# Tomy GTP Minolta #36



## Grandcheapskate (Jan 5, 2006)

Hi Guys,
I just had someone ask me if the Tomy Minolta #36 which comes in the 4 Way Split set is different than the single car version. Specifically, does the set car come without "Minolta" on it?
I guess that wouldn't make it the Minolta car, but you know what I mean. Maybe there are different versions of the 4 Way Split set, an old and new version?

Thanks...Joe


----------



## TK Solver (Mar 18, 2004)

That is correct. The new set car does not say Minolta. Wahoo over at the SCI forum confirmed it.


----------



## 1976Cordoba (Sep 20, 2000)

Got one right here -- same car exactly, just deleted all the Minolta script and logos:


----------



## Pete McKay (Dec 20, 2006)

Patto's makes the 88C decals to restore the car to proper Tom's markings.


----------



## 1976Cordoba (Sep 20, 2000)

Pete McKay said:


> Patto's makes the 88C decals to restore the car to proper Tom's markings.

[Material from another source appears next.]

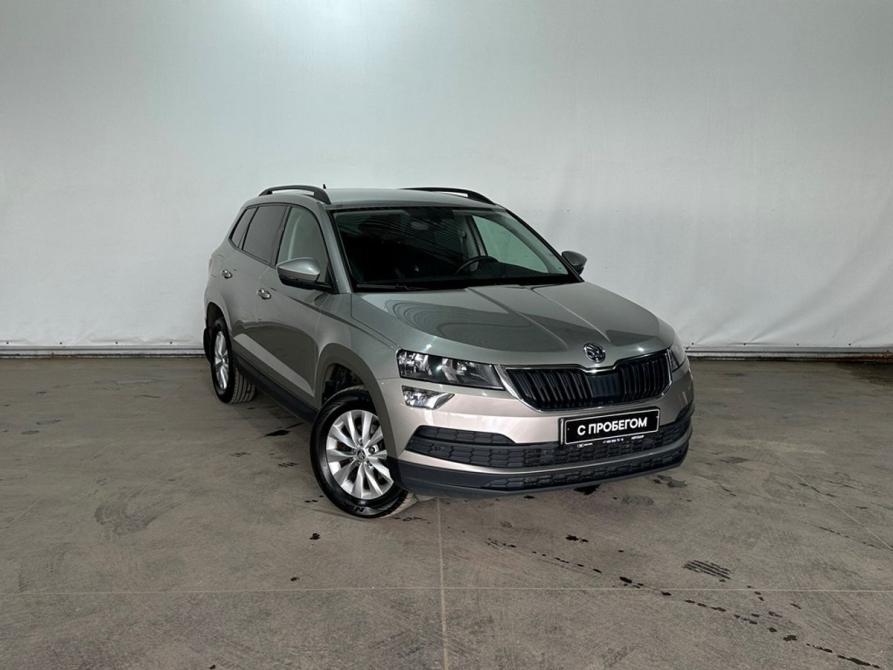 Skoda Karoq I Москва  - изображение 3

It's funny you mention that because I'm the one who had Patto scan those decals so I could make this open-cockpit version:










I also had him do the Taka-Q set but i have not done that car yet.


----------



## christos_s (Jan 16, 2008)

very nice converion work 'doba!

Guys I just got 6 lighted versions from the UK of the Porsche Blaupunkt. I am starting a GTP collection (t-jet and faller street cars till now). Anyone willing to trade to help me enrich my GTP's?


----------



## christos_s (Jan 16, 2008)

Oh I also got the Panoz LMP1 car that is custom made in the UK in red or white

Also would trade this


----------



## Slott V (Feb 3, 2005)

The original Minolta EX import with the case is worth some good money today...


----------



## RacerDave (Mar 28, 2006)

Joe, the old version of the 4-way split set didn't have the Toyota Minolta at all. Dave.


----------



## Grandcheapskate (Jan 5, 2006)

RacerDave said:


> Joe, the old version of the 4-way split set didn't have the Toyota Minolta at all. Dave.


Dave,
Thanks for that input. I had a 4 Way Split set at one time, but never opened it and sold it at one of the shows. I had thought the Minolta was one of the 4 cars, but I guess I am mistaken.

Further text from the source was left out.